Zwar produziert ihre Firma Zvnder auf Nachfrage rustikale Kappen und Portemonnaies aus dem Pilz, doch ihr wurde schnell klar, dass das Pilzleder ein Nischenprodukt bleiben muss und sollte. Da verzichtet Fabert lieber auf den Medienhype, der sich schnell um jeden vermeintlichen Lederersatz aufbaut. „Das Leder ist nur ein Aspekt dieses spannenden Rohstoffs“, sagt sie. Heute interessieren sie eher die Möglichkeiten des Materials als natürlicher Filter oder antibiotischer Zusatz in der Medizin.

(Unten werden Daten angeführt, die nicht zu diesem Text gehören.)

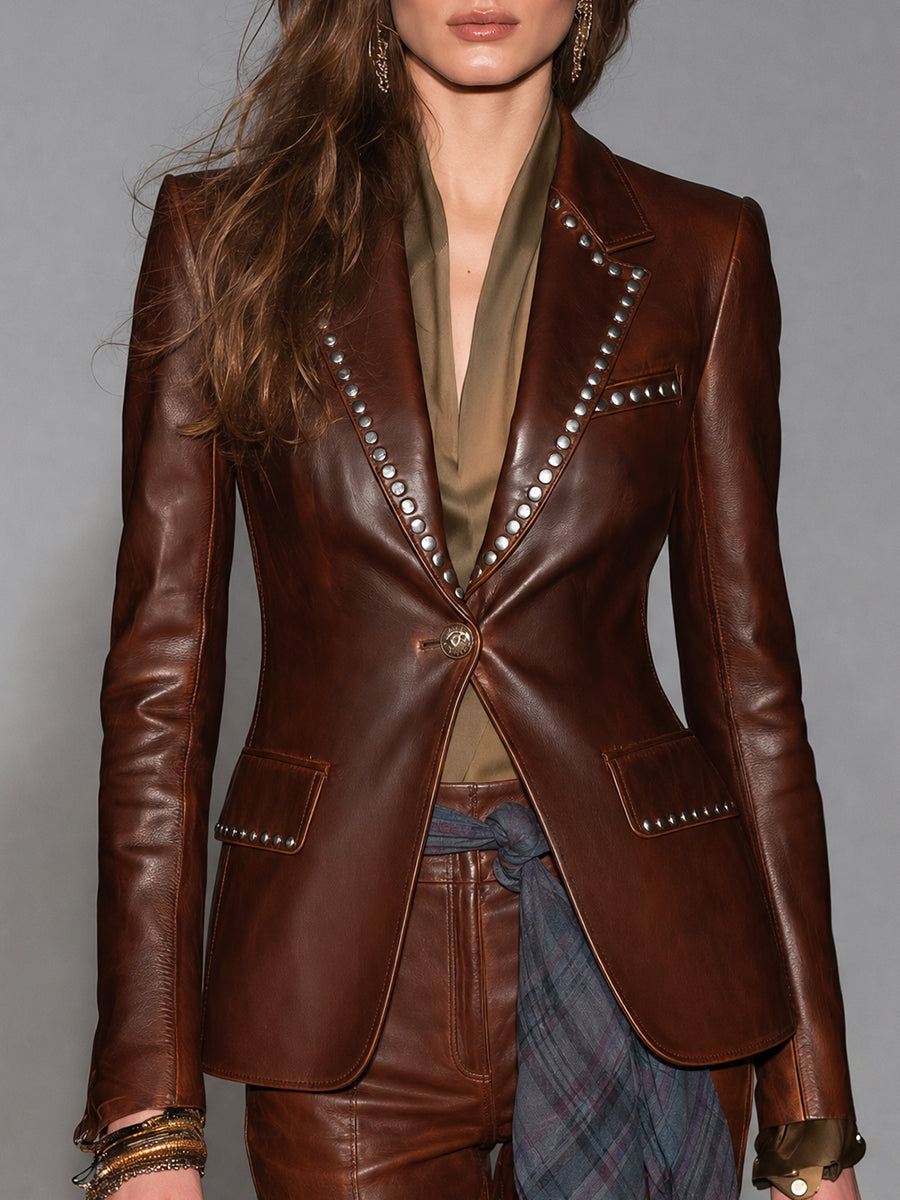 Desert Nomad Studded Leather Blazer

An Pilze als Zukunft tierfreien Leders glaubt sie dennoch, dann allerdings aus der Retorte. Das US-Biotech-Start-up Modern Meadow entwickelt im Labor das tierfreie Leder Zoa aus Hefepilzen und mit viel Genmanipulation. Zoa kann theoretisch in allen Dimensionen produziert und auf Trägermaterialien gesprüht werden, es kann Nähte ersetzen. Nach der Präsentation vielversprechender Vorstufen, die ganz neue Gestaltungsmöglichkeiten in Aussicht stellen, hüllt sich Modern Meadow nun auf den letzten Metern in Schweigen, bis das Produkt wirklich marktreif ist.

Auch die französische Turnschuhmarke Veja will mehr Schuhe ohne tierisches Leder herstellen. Deshalb entwickelt sie Maisleder. Dafür werden die Blätter der Pflanze geschreddert, zu einem Brei verarbeitet und auf einen Baumwollstoff aufgetragen. 50 Prozent des Schuhs besteht aus Maisabfällen aus der Lebensmittelindustrie.

Plastikflaschen

Stoffe aus PET-Flaschen wurden nicht zuletzt zum aktuellen Supertrend, weil die Vorstellung, dass Mode dabei helfen könne, Müll abzubauen, so verführerisch ist. Das Naturschutznetzwerk „Parley for the Oceans“, das mit Strategien aus der Werbebranche das Recyclingmaterial „Ocean Plastic“ populär gemacht hat, erinnert jedoch daran, dass das endgültige Ziel sein muss, Plastik überflüssig zu machen. Doch von heute auf morgen geht das natürlich nicht.

Darauf zählt auch Christian Fischbacher, ein Label für luxuriöse Heimtextilien aus der Schweiz. Seit Jahren investiert man dort in die Entwicklung hochwertiger Recyclingstoffe. Das jüngste Resultat: Benu Talent, ein kuscheliger Samt aus dem sprödem PET, der auch dem Trend zum Outdoor-Lifestyle (danke, Klimaerwärmung!) gewachsen ist.

Doch Plastik bleibt Plastik. Kunststofffasern landen durch Abrieb und mit jeder Wäsche als Mikroplastik in der Umwelt. Das Surf- und Longboardlabel Langbrett hat dafür den Waschbeutel „Guppyfriend“erfunden. Das Mikroplastik wird darin aufgefangen und kann mit dem Hausmüll verbrannt werden.